#### Exercise details:
Produce an exact copy of the lines below, starting at the first and ending with the line containing "My Apolocheese Remy".

#### Records for the task:

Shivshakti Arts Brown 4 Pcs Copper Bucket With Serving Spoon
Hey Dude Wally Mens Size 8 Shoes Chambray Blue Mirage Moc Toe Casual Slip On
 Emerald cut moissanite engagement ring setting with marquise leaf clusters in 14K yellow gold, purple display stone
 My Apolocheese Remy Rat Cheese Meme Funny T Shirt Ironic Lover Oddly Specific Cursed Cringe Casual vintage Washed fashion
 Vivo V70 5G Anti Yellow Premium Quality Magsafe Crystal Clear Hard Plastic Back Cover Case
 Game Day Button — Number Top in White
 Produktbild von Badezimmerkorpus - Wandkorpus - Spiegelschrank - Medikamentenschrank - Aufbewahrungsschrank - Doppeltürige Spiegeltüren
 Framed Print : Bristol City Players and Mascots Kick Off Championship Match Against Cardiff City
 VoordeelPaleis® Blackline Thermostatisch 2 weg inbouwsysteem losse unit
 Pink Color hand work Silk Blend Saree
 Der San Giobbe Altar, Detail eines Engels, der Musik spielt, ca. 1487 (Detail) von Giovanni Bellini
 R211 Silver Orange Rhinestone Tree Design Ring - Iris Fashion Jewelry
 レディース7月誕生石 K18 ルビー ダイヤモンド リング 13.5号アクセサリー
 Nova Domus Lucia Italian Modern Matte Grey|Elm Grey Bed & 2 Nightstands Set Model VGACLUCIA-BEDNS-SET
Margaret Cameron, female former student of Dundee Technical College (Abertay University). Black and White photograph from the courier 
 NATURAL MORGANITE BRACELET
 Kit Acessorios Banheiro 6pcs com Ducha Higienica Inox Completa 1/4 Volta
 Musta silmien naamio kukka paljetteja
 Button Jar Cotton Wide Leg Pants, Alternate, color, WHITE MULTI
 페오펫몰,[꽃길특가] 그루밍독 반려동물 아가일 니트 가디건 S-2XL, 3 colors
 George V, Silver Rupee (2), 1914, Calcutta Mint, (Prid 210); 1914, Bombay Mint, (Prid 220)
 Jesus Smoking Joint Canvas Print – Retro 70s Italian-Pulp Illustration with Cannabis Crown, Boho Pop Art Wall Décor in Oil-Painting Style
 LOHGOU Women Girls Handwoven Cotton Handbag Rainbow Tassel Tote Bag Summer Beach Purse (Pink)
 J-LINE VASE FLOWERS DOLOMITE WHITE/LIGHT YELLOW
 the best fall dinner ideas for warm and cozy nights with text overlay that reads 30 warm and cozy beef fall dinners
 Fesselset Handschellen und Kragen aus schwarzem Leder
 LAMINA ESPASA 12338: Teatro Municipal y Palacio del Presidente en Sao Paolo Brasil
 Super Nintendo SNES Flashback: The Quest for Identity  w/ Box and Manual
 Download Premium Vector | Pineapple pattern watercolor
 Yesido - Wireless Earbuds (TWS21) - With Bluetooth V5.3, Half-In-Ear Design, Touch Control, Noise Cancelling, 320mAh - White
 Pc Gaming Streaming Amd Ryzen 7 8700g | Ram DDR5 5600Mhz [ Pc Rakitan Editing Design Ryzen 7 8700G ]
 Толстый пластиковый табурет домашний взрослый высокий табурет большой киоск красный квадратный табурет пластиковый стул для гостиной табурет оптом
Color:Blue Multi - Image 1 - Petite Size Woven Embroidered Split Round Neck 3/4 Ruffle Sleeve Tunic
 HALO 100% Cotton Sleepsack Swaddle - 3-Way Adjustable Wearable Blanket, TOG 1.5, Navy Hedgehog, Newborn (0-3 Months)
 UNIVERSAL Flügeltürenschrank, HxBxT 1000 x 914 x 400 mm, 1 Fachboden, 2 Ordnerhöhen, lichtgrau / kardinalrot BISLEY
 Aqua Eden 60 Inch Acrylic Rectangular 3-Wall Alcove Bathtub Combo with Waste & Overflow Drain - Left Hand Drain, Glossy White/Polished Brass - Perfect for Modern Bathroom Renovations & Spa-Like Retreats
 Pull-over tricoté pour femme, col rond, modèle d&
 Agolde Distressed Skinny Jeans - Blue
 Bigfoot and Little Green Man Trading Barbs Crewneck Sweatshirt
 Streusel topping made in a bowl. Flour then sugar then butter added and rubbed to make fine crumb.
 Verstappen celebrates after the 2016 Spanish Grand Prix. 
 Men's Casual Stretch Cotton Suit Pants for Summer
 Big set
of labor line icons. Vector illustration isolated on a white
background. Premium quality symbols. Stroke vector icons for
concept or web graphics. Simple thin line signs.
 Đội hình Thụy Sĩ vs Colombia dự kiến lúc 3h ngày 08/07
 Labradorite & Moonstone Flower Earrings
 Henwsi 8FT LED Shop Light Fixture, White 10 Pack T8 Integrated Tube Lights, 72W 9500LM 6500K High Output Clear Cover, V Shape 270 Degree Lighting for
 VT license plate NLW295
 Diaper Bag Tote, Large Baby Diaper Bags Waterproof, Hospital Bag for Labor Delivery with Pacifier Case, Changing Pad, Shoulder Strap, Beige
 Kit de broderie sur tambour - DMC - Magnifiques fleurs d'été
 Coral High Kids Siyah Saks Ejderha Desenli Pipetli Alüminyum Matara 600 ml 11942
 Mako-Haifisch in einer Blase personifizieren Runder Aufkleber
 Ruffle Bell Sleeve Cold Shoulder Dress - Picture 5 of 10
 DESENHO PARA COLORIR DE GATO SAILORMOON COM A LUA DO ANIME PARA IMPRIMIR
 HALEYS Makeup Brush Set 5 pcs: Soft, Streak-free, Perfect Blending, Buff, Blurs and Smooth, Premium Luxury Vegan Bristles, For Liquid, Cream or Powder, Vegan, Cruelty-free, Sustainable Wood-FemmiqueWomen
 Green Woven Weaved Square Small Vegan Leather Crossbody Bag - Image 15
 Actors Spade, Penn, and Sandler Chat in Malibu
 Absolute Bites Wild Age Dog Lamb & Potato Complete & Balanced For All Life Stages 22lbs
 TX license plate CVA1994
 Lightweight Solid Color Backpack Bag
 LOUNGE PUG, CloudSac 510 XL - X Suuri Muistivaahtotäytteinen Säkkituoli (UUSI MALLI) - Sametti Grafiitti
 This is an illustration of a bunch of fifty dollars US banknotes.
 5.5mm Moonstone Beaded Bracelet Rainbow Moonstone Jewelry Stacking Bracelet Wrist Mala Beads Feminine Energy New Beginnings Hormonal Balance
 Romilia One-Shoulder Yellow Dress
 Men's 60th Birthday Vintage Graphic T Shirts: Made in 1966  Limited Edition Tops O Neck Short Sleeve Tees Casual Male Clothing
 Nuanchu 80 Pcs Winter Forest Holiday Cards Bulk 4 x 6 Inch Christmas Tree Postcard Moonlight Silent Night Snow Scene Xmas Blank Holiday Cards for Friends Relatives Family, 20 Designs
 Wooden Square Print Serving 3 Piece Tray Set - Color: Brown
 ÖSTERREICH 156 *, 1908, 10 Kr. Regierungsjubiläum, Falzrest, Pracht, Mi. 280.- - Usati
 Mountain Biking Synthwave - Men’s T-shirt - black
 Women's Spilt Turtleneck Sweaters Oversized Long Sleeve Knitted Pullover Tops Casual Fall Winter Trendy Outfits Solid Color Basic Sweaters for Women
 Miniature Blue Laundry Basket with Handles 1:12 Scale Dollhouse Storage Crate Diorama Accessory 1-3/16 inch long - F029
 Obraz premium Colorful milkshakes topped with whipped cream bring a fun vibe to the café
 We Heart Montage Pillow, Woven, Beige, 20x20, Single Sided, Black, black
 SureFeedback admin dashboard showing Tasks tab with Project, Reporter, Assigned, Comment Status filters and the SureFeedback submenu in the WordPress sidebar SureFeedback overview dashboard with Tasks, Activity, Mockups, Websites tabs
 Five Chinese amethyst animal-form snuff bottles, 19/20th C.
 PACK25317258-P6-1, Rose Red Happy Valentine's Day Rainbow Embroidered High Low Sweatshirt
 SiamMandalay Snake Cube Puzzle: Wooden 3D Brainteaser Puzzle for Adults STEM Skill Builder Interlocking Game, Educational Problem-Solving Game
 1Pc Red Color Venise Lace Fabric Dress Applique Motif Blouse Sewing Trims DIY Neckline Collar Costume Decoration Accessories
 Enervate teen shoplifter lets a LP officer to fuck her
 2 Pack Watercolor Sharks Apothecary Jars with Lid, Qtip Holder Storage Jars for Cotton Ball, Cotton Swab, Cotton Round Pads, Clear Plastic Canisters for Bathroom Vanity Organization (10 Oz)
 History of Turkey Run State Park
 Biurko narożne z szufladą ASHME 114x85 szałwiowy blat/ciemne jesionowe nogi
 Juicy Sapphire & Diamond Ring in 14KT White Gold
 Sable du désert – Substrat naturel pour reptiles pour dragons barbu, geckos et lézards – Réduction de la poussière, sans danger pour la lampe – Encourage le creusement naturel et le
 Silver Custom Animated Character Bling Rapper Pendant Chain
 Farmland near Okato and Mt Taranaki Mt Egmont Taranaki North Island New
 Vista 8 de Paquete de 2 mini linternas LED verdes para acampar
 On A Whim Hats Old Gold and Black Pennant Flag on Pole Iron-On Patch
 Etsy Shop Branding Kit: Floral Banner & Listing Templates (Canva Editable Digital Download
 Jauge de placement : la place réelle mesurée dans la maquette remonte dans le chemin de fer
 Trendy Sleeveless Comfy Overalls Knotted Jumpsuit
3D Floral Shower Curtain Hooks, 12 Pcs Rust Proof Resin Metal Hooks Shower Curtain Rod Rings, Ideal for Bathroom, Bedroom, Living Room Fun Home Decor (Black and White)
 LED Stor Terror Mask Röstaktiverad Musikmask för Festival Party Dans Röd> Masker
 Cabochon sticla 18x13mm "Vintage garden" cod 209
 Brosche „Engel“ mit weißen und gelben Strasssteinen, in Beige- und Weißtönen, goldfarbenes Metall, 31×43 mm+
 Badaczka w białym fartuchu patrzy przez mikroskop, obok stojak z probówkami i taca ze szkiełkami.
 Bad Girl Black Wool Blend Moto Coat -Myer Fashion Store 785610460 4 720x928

#### Response:
Shivshakti Arts Brown 4 Pcs Copper Bucket With Serving Spoon
Hey Dude Wally Mens Size 8 Shoes Chambray Blue Mirage Moc Toe Casual Slip On
 Emerald cut moissanite engagement ring setting with marquise leaf clusters in 14K yellow gold, purple display stone
 My Apolocheese Remy Rat Cheese Meme Funny T Shirt Ironic Lover Oddly Specific Cursed Cringe Casual vintage Washed fashion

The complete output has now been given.